--- Stored data Enclosed Below ---

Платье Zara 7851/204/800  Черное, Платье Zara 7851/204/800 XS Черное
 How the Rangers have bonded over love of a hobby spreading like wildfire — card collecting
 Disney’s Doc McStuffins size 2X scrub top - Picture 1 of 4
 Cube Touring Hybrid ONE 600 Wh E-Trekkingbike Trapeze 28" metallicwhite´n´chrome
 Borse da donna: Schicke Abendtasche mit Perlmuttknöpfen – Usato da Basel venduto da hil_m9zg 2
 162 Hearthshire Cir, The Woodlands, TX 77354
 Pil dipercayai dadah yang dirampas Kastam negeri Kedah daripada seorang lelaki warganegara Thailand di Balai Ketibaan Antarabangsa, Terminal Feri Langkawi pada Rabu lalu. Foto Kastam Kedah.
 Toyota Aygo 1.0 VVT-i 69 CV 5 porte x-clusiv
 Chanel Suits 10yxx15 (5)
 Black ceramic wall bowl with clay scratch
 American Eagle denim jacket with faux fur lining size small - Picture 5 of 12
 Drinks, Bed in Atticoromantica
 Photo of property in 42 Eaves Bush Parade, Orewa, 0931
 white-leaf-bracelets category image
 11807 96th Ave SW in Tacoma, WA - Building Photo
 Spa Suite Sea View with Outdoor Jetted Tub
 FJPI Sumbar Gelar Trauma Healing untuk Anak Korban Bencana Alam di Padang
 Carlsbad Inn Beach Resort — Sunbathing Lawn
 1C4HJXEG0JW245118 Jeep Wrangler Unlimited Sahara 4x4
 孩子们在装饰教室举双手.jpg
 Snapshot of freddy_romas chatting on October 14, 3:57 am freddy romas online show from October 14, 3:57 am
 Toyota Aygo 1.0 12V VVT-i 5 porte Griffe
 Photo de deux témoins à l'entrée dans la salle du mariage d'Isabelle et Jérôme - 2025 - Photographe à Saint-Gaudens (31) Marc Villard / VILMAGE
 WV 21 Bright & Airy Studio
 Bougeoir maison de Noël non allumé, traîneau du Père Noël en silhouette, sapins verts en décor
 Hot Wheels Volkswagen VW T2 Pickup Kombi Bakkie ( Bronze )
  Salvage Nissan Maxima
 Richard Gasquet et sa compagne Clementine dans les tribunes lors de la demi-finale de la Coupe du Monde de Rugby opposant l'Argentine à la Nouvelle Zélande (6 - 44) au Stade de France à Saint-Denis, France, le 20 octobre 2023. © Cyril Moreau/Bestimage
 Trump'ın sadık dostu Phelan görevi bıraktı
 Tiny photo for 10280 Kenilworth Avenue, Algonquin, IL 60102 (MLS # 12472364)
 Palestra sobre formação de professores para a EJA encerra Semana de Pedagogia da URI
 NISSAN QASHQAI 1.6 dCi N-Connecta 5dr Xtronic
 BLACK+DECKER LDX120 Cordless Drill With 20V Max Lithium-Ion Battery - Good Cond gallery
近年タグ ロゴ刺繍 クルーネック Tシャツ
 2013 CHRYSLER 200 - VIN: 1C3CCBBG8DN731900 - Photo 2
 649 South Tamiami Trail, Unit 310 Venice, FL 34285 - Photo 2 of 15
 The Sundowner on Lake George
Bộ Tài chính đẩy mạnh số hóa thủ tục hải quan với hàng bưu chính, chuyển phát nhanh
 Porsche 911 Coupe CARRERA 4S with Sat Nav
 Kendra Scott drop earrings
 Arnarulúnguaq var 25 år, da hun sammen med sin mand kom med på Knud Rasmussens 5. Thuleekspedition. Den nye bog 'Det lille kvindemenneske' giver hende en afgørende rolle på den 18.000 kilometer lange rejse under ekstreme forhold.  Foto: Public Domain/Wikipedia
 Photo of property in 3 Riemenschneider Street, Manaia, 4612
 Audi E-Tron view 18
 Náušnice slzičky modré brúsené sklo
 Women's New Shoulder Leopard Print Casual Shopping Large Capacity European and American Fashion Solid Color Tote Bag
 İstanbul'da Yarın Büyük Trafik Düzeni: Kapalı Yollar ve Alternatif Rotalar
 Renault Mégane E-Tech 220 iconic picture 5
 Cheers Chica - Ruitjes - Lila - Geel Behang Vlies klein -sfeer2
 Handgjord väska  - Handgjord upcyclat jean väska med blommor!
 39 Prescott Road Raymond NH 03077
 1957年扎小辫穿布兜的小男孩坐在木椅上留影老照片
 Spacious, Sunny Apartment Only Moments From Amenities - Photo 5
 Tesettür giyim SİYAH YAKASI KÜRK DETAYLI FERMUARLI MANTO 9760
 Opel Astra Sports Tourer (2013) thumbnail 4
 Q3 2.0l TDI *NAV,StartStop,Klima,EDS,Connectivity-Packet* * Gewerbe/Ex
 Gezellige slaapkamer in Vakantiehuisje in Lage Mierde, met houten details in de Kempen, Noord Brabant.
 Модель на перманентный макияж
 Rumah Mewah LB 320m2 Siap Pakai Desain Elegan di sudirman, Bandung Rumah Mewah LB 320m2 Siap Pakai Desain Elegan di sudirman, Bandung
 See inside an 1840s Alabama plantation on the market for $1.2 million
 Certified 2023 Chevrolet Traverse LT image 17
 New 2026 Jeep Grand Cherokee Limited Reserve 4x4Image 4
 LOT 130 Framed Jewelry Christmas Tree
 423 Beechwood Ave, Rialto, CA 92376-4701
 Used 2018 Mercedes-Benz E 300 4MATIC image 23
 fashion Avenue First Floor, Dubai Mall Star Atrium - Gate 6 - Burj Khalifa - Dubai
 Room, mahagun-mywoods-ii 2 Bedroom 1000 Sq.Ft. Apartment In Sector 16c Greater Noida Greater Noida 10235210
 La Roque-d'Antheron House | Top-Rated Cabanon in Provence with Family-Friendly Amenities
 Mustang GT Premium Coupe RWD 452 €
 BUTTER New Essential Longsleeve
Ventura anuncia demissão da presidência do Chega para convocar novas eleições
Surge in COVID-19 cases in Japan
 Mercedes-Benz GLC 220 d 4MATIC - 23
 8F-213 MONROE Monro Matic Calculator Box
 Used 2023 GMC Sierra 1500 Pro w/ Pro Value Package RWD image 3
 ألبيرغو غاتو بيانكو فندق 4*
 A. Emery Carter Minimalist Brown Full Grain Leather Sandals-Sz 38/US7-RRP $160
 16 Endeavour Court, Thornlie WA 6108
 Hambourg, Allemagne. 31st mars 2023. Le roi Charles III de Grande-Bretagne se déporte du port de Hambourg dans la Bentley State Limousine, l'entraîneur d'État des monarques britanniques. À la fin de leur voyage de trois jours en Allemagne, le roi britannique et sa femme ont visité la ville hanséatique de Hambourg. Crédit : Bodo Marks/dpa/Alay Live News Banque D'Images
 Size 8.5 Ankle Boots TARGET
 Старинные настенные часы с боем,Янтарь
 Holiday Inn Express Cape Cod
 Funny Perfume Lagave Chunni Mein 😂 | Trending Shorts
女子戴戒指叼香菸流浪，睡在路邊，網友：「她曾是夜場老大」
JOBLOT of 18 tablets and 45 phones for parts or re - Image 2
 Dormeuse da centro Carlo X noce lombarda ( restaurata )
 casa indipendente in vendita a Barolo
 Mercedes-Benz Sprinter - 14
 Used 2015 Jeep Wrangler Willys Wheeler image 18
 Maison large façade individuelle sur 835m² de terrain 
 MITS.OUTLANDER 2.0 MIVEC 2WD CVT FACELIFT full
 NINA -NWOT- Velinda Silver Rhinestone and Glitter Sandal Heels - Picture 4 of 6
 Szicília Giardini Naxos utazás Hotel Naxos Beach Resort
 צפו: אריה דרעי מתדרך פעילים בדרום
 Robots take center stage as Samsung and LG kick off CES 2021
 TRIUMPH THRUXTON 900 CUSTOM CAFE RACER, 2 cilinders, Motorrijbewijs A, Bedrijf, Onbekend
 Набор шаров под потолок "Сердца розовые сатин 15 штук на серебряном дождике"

--- End of Enclosed Stored data ---

Work task: The full listing is to be restated word for word.

Answer to this exercise:
Платье Zara 7851/204/800  Черное, Платье Zara 7851/204/800 XS Черное
 How the Rangers have bonded over love of a hobby spreading like wildfire — card collecting
 Disney’s Doc McStuffins size 2X scrub top - Picture 1 of 4
 Cube Touring Hybrid ONE 600 Wh E-Trekkingbike Trapeze 28" metallicwhite´n´chrome
 Borse da donna: Schicke Abendtasche mit Perlmuttknöpfen – Usato da Basel venduto da hil_m9zg 2
 162 Hearthshire Cir, The Woodlands, TX 77354
 Pil dipercayai dadah yang dirampas Kastam negeri Kedah daripada seorang lelaki warganegara Thailand di Balai Ketibaan Antarabangsa, Terminal Feri Langkawi pada Rabu lalu. Foto Kastam Kedah.
 Toyota Aygo 1.0 VVT-i 69 CV 5 porte x-clusiv
 Chanel Suits 10yxx15 (5)
 Black ceramic wall bowl with clay scratch
 American Eagle denim jacket with faux fur lining size small - Picture 5 of 12
 Drinks, Bed in Atticoromantica
 Photo of property in 42 Eaves Bush Parade, Orewa, 0931
 white-leaf-bracelets category image
 11807 96th Ave SW in Tacoma, WA - Building Photo
 Spa Suite Sea View with Outdoor Jetted Tub
 FJPI Sumbar Gelar Trauma Healing untuk Anak Korban Bencana Alam di Padang
 Carlsbad Inn Beach Resort — Sunbathing Lawn
 1C4HJXEG0JW245118 Jeep Wrangler Unlimited Sahara 4x4
 孩子们在装饰教室举双手.jpg
 Snapshot of freddy_romas chatting on October 14, 3:57 am freddy romas online show from October 14, 3:57 am
 Toyota Aygo 1.0 12V VVT-i 5 porte Griffe
 Photo de deux témoins à l'entrée dans la salle du mariage d'Isabelle et Jérôme - 2025 - Photographe à Saint-Gaudens (31) Marc Villard / VILMAGE
 WV 21 Bright & Airy Studio
 Bougeoir maison de Noël non allumé, traîneau du Père Noël en silhouette, sapins verts en décor
 Hot Wheels Volkswagen VW T2 Pickup Kombi Bakkie ( Bronze )
  Salvage Nissan Maxima
 Richard Gasquet et sa compagne Clementine dans les tribunes lors de la demi-finale de la Coupe du Monde de Rugby opposant l'Argentine à la Nouvelle Zélande (6 - 44) au Stade de France à Saint-Denis, France, le 20 octobre 2023. © Cyril Moreau/Bestimage
 Trump'ın sadık dostu Phelan görevi bıraktı
 Tiny photo for 10280 Kenilworth Avenue, Algonquin, IL 60102 (MLS # 12472364)
 Palestra sobre formação de professores para a EJA encerra Semana de Pedagogia da URI
 NISSAN QASHQAI 1.6 dCi N-Connecta 5dr Xtronic
 BLACK+DECKER LDX120 Cordless Drill With 20V Max Lithium-Ion Battery - Good Cond gallery
近年タグ ロゴ刺繍 クルーネック Tシャツ
 2013 CHRYSLER 200 - VIN: 1C3CCBBG8DN731900 - Photo 2
 649 South Tamiami Trail, Unit 310 Venice, FL 34285 - Photo 2 of 15
 The Sundowner on Lake George
Bộ Tài chính đẩy mạnh số hóa thủ tục hải quan với hàng bưu chính, chuyển phát nhanh
 Porsche 911 Coupe CARRERA 4S with Sat Nav
 Kendra Scott drop earrings
 Arnarulúnguaq var 25 år, da hun sammen med sin mand kom med på Knud Rasmussens 5. Thuleekspedition. Den nye bog 'Det lille kvindemenneske' giver hende en afgørende rolle på den 18.000 kilometer lange rejse under ekstreme forhold.  Foto: Public Domain/Wikipedia
 Photo of property in 3 Riemenschneider Street, Manaia, 4612
 Audi E-Tron view 18
 Náušnice slzičky modré brúsené sklo
 Women's New Shoulder Leopard Print Casual Shopping Large Capacity European and American Fashion Solid Color Tote Bag
 İstanbul'da Yarın Büyük Trafik Düzeni: Kapalı Yollar ve Alternatif Rotalar
 Renault Mégane E-Tech 220 iconic picture 5
 Cheers Chica - Ruitjes - Lila - Geel Behang Vlies klein -sfeer2
 Handgjord väska  - Handgjord upcyclat jean väska med blommor!
 39 Prescott Road Raymond NH 03077
 1957年扎小辫穿布兜的小男孩坐在木椅上留影老照片
 Spacious, Sunny Apartment Only Moments From Amenities - Photo 5
 Tesettür giyim SİYAH YAKASI KÜRK DETAYLI FERMUARLI MANTO 9760
 Opel Astra Sports Tourer (2013) thumbnail 4
 Q3 2.0l TDI *NAV,StartStop,Klima,EDS,Connectivity-Packet* * Gewerbe/Ex
 Gezellige slaapkamer in Vakantiehuisje in Lage Mierde, met houten details in de Kempen, Noord Brabant.
 Модель на перманентный макияж
 Rumah Mewah LB 320m2 Siap Pakai Desain Elegan di sudirman, Bandung Rumah Mewah LB 320m2 Siap Pakai Desain Elegan di sudirman, Bandung
 See inside an 1840s Alabama plantation on the market for $1.2 million
 Certified 2023 Chevrolet Traverse LT image 17
 New 2026 Jeep Grand Cherokee Limited Reserve 4x4Image 4
 LOT 130 Framed Jewelry Christmas Tree
 423 Beechwood Ave, Rialto, CA 92376-4701
 Used 2018 Mercedes-Benz E 300 4MATIC image 23
 fashion Avenue First Floor, Dubai Mall Star Atrium - Gate 6 - Burj Khalifa - Dubai
 Room, mahagun-mywoods-ii 2 Bedroom 1000 Sq.Ft. Apartment In Sector 16c Greater Noida Greater Noida 10235210
 La Roque-d'Antheron House | Top-Rated Cabanon in Provence with Family-Friendly Amenities
 Mustang GT Premium Coupe RWD 452 €
 BUTTER New Essential Longsleeve
Ventura anuncia demissão da presidência do Chega para convocar novas eleições
Surge in COVID-19 cases in Japan
 Mercedes-Benz GLC 220 d 4MATIC - 23
 8F-213 MONROE Monro Matic Calculator Box
 Used 2023 GMC Sierra 1500 Pro w/ Pro Value Package RWD image 3
 ألبيرغو غاتو بيانكو فندق 4*
 A. Emery Carter Minimalist Brown Full Grain Leather Sandals-Sz 38/US7-RRP $160
 16 Endeavour Court, Thornlie WA 6108
 Hambourg, Allemagne. 31st mars 2023. Le roi Charles III de Grande-Bretagne se déporte du port de Hambourg dans la Bentley State Limousine, l'entraîneur d'État des monarques britanniques. À la fin de leur voyage de trois jours en Allemagne, le roi britannique et sa femme ont visité la ville hanséatique de Hambourg. Crédit : Bodo Marks/dpa/Alay Live News Banque D'Images
 Size 8.5 Ankle Boots TARGET
 Старинные настенные часы с боем,Янтарь
 Holiday Inn Express Cape Cod
 Funny Perfume Lagave Chunni Mein 😂 | Trending Shorts
女子戴戒指叼香菸流浪，睡在路邊，網友：「她曾是夜場老大」
JOBLOT of 18 tablets and 45 phones for parts or re - Image 2
 Dormeuse da centro Carlo X noce lombarda ( restaurata )
 casa indipendente in vendita a Barolo
 Mercedes-Benz Sprinter - 14
 Used 2015 Jeep Wrangler Willys Wheeler image 18
 Maison large façade individuelle sur 835m² de terrain 
 MITS.OUTLANDER 2.0 MIVEC 2WD CVT FACELIFT full
 NINA -NWOT- Velinda Silver Rhinestone and Glitter Sandal Heels - Picture 4 of 6
 Szicília Giardini Naxos utazás Hotel Naxos Beach Resort
 צפו: אריה דרעי מתדרך פעילים בדרום
 Robots take center stage as Samsung and LG kick off CES 2021
 TRIUMPH THRUXTON 900 CUSTOM CAFE RACER, 2 cilinders, Motorrijbewijs A, Bedrijf, Onbekend
 Набор шаров под потолок "Сердца розовые сатин 15 штук на серебряном дождике"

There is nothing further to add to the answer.